The only difference in the optimal choices with two throws left is that the throws listed in row $8$ are no longer optimal. These all result in a probability of $\ \frac{53}{2^2\cdot3^4}\approx0.16\ $ of reaching a target set (assuming the final throw will be optimally chosen), whereas the corresponding throws in row $6$, obtained by throwing the $1$ or $6$ instead of keeping it fixed, result in a probability of $\ \frac{179}{2^2\cdot3^5}\approx0.18\ $ of reaching a target set. \begin{array}{c|c|c|c} \stackrel{\text{Row}} {\stackrel{\text{number}}{\small\text{}}}&\stackrel{\text{Number of}} {\stackrel{\text{dice thrown}}{\small\text{}}}& \stackrel{\text{Indicators of sets}} {\stackrel{\text{of dice kept fixed}}{\small\text{}}}&\stackrel{\text{Probability of}} {\stackrel{\text{reaching a target}}{\small\text{}}}& \stackrel{\text{Better}} {\stackrel{\text{throws?}}{\small\text{}}}\\ \hline 1&5&0&\frac{40861}{2^4\cdot3^9}\\ \hline 2&4&1,32& \frac{5135}{2^3\cdot3^8}&\text{row } 1\\ \hline 3&4&2,4,8,16& \frac{1133}{6^5}\\ \hline 4&3& 33&\frac{529}{2^2\cdot3^7}&\text{row } 1\\ \hline 5&3&3,5,9,17,34,36,40,48&\frac{151}{6^4}&\text{row } 3\\ \hline 6&3&6,10,12,18,20,24& \frac{179}{2^2\cdot3^5}\\ \hline 7&2&35,37,41,49& \frac{5}{2^3\cdot3^2}&\text{row } 3\\ \hline 8&2&\matrix{7,11,13,19,21,25,\\ 38,42,44,50,52,56}& \frac{53}{2^2\cdot3^4}&\text{row } 6\\ \hline 9&2&14,22,26,28&\frac{5}{2\cdot3^2}&\\ \hline 10&1&39,43,45,51,53,57&\frac{5}{2\cdot3^3}&\text{row } 6\\ \hline 11&1&15,23,27,29,46,54,58,60&\frac{11}{2^2\cdot3^2}&\\ \hline 12&1&30&\frac{5}{9}&\\ \hline 13&1&47,55,59,61&\frac{1}{6}&\text{row } 11\\ \hline 14&0&31,62&1&\\ \hline \end{array}
Optimal choices for $\ \mathbf{\{1,1,1,6,6\}}\ $
The first, second and fourth rows of the preceding table show that throwing all five dice on the second last throw results in a probability of $\ \frac{40861}{2^4\cdot3^9}\approx0.13\ $ of reaching a target set, keeping a $1$ or a $6$ and throwing four dice results in a probability of $\ \frac{5135}{2^3\cdot3^8}\approx0.098\ $ of reaching a target set, and keeping both a $1$ and a $6$ and throwing three dice results in a probability of $\ \frac{529}{2^2\cdot3^7}\approx0.060\ $. The optimal choice is therefore to throw all five dice.

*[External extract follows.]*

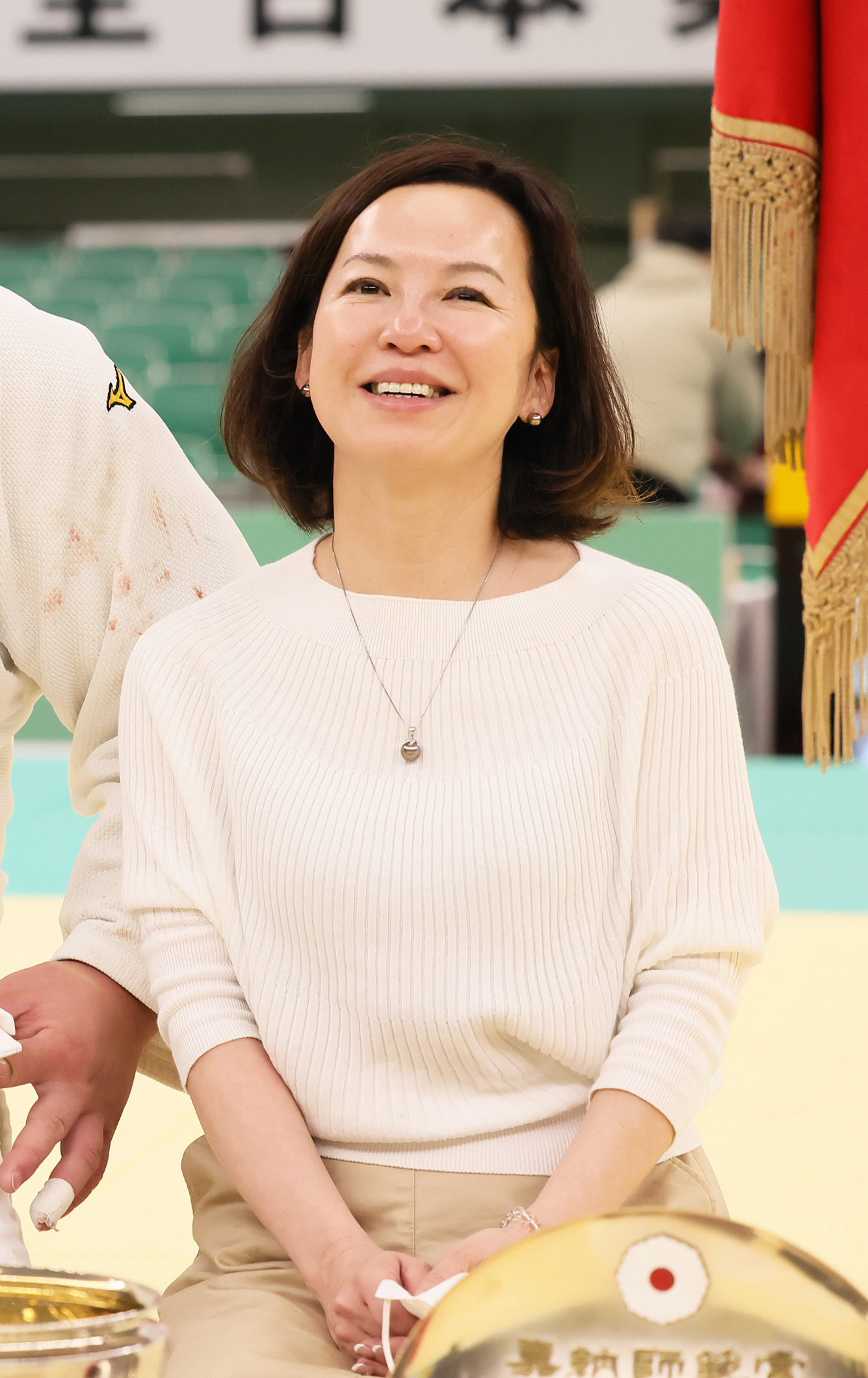 斉藤仁 死因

With $3$ throws left, the probabilities of eventually reaching a target set (assuming optimal play on the last two throws) are approximately $0.26$ if all five dice are thrown, $0.22$ if a $1$ or $6$ is kept fixed and four dice are thrown, and $0.18$ if both a $1$ and a $6$ are kept fixed and three dice are thrown. Thus again, it is best to throw all five dice.